Il est impossible de critiquer le référentiel qui donne l’impression d’être écrit par Dieu le Père
Dr Dominique Tribillac
Le Dr Dominique Tribillac a donc décidé de « faire de la résistance ». Il envisage de se « remettre dans l’illégalité » à compter de ce lundi 22 avril, quitte à contourner le contrôle préalable de ses prescriptions et à avancer lui-même des indemnités journalières à ses patients, directement et sur ses propres derniers.
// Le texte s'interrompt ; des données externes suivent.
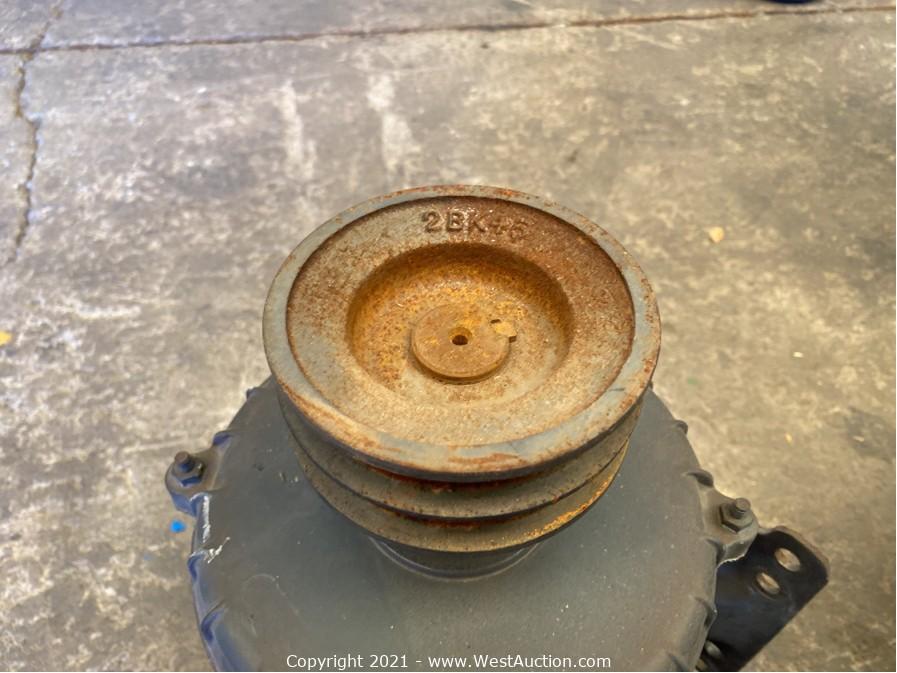 West Auctions Auction Surplus Liquidation of Storage Trailers, Tools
Son courroux est alimenté par l’incapacité de la caisse de produire des arguments médicaux solides pour contester ses prescriptions d’arrêts de travail. Ses appels et lettres pour alerter sur ce point sont restés sans réponses. « Je m'adresse à un mur administratif. C’est insupportable », tempête-t-il. S’ajoute à cela la réception d’un mémoire des avocats de la partie adverse avec des arguments… administratifs à ses yeux. « Il est impossible de critiquer le référentiel qui donne l’impression d’être écrit par Dieu le Père. Ni de donner mes arguments quant à la réalité de ma pratique due au quartier défavorisé où j’exerce. »
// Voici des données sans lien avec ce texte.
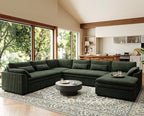 Belffin Large Modular Sectional Sofa - Image 3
Selon le médecin, l’Assurance-maladie part du principe que la précarité de la patientèle est homogène, quelle que soit la taille de la commune, alors que « cela n’est jamais le cas dans les grandes communes », avec parfois une très grande variabilité des niveaux de revenus entre quartiers proches. C’est le cas de son bassin de vie, où vivent un grand nombre de personnes particulièrement précaires et vulnérables, explique-t-il.
Lanceur d’alerte ?
Dans ce contexte, le Dr Tribillac a réclamé le statut de lanceur d’alerte depuis décembre auprès du Défenseur des Droits, statut qui lui tient à cœur. « Il offre de grandes possibilités dont une, essentielle, à savoir que les témoins, spécialistes et statisticiens contactés bénéficient de l’anonymat. Je pourrais ainsi obtenir beaucoup plus d’informations », espère-t-il. Le généraliste a obtenu une réponse négative à ce jour. « Mais en râlant de toutes les façons possible, le dossier a été réexaminé, j’attends la réponse… » Son combat entend dénoncer les statistiques de la Sécu pour organiser le contrôle des arrêts de travail. « Elle pointe systématiquement les médecins travaillant dans des quartiers défavorisés, accuse-t-il.
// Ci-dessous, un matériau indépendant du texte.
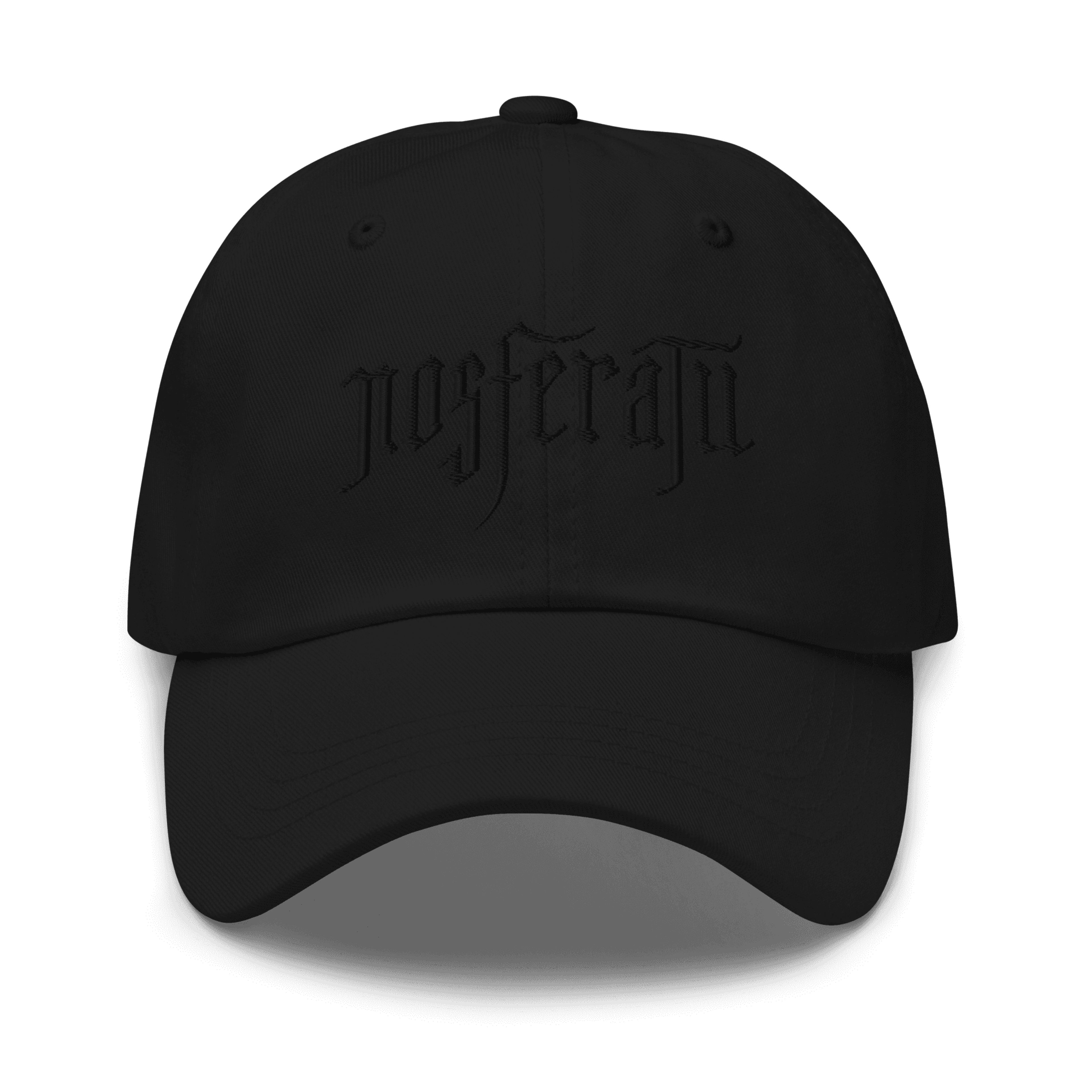 Nosferatu V2 classic-dad-hat-black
À l’été 2023, la Cnam s’était expliquée sur sa méthode de contrôle et de ciblage. Environ 2 % des généralistes étaient alors concernés par une potentielle mise sous objectifs de leurs prescriptions d’arrêts de travail, première étape avec une éventuelle mise sous accord préalable. Pour cette campagne, avaient été sélectionnés les médecins prescrivant au moins « deux fois plus d’arrêts de travail par patient actif », mais en tenant compte de la structure de leur patientèle (comparaison avec leurs confrères de la même région à patientèle et zone d’exercice comparable avec standardisation des patientèles selon l’ALD, le sexe et l’âge et prise en compte de l’indice de défavorisation du territoire).